La Cour d’appel d’Aix-en-Provence déduit alors « de l’analyse conjuguée des deux professionnels sollicités par les [appelants] et de l'observation des photographies de cornes soumises à la cour que les cornes vendues ne correspondent pas à des cornes de rhinocéros ». Or, les acquéreurs n’auraient pas acheté ces cornes s’ils avaient eu connaissance de ce fait. La vente du 30 décembre 2014 est alors annulée en raison de l’erreur qui portait ici sur la substance même des objets.
Les conséquences de la nullité
Très classiquement, la Cour d’appel d’Aix-en-Provence, une fois l’erreur sur la substance retenue, prononce donc la nullité de la vente aux enchères publiques, nullité qui emporte un jeu de restitutions réciproques afin de replacer les parties dans l’état dans lequel elles se trouvaient avant que la vente ne soit conclue. C’est ainsi que le vendeur a été condamné à restituer à l’un seul des deux époux – dont seul le nom figurait sur la facture – le prix de la vente, soit 19.500 euros. En effet, dès lors que le commissaire-priseur – ou plutôt la maison de ventes – n’a perçu in fine le prix, celui-ci ne peut être condamné à restituer à l’adjudicataire le prix de vente. Seul le montant des frais réglés par l’adjudicataire, soit ici 4.972 euros, doit être remboursé par la maison de ventes, la Cour ajoutant de manière bien surabondante et contestable que cette restitution est réalisée « compte tenu de la légèreté avec laquelle elle a procédé à la vente litigieuse ». Et afin de parfaire ce jeu de restitutions réciproques, l’adjudicataire doit quant à lui restituer les cornes litigieuses au vendeur.

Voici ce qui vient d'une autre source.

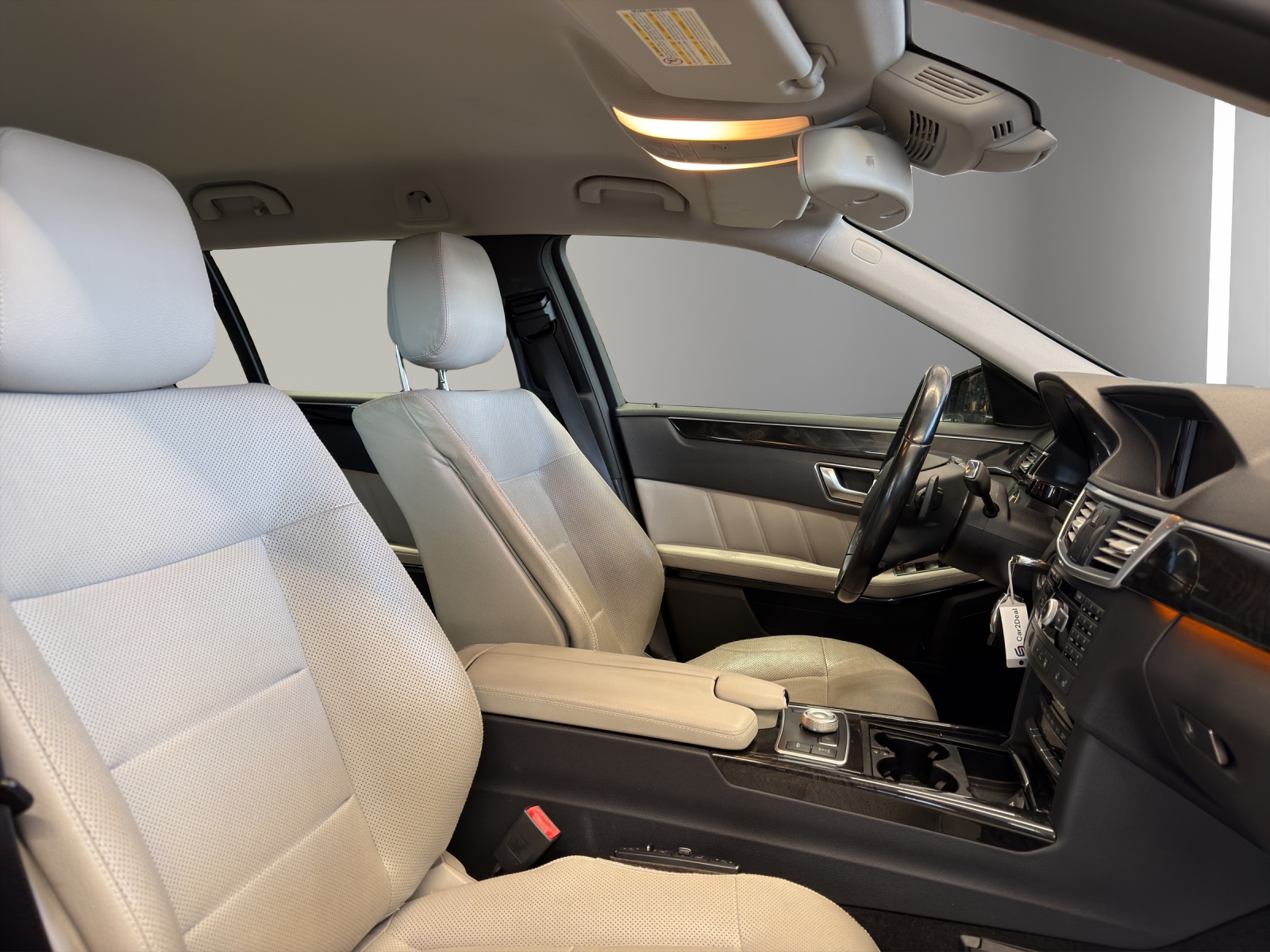 MERCEDES-BENZ E 350 CDI BlueEfficiency Elégance 4Matic 7G-Tronic-image-12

Enfin, la Cour retient que le préjudice subi par les acquéreurs, compte tenu des attentes qui étaient les leurs lors de cette acquisition, peut être justement réparé par l’allocation de la somme de 3.000 euros à titre de dommages et intérêts auxquels seront tenus in solidum le veneur et la maison de ventes.
Un article écrit par Alexis Fournol, Avocat à la Cour et Associé du Cabinet.
Dans le cadre de son activité dédiée au droit de l’art et au droit du marché de l’art, le Cabinet accompagne régulièrement des maisons de ventes aux enchères (opérateurs de ventes volontaires et commissaires-priseurs judiciaires) dans les contentieux relatifs à la contestation de l’attribution d’une œuvre ou d’un objet d’art, ainsi qu’à la tentative d’engagement de la responsabilité des professionnels de l’expertise. Avocats en droit de l’art et en droit du marché de l’art, nous intervenons également en matière de droit des contrats, de droit de la responsabilité, de droit de la vente aux enchères publiques pour l’ensemble de nos clients, aussi bien à Paris que sur l’ensemble du territoire français et en Belgique (Bruxelles).
[1] CA Aix-en-Provence, ch. 1-1, 31 janv. 2023, RG no 19/11512.
[2] « Mais attendu que si le juge ne peut refuser d’examiner une pièce régulièrement versée aux débats et soumise à la discussion contradictoire, il ne peut se fonder exclusivement sur une expertise réalisée à la demande de l’une des parties », Cass. ch. mix., 28 sept. 2012, no 11-18.710, Bull. ch. mix., no 2.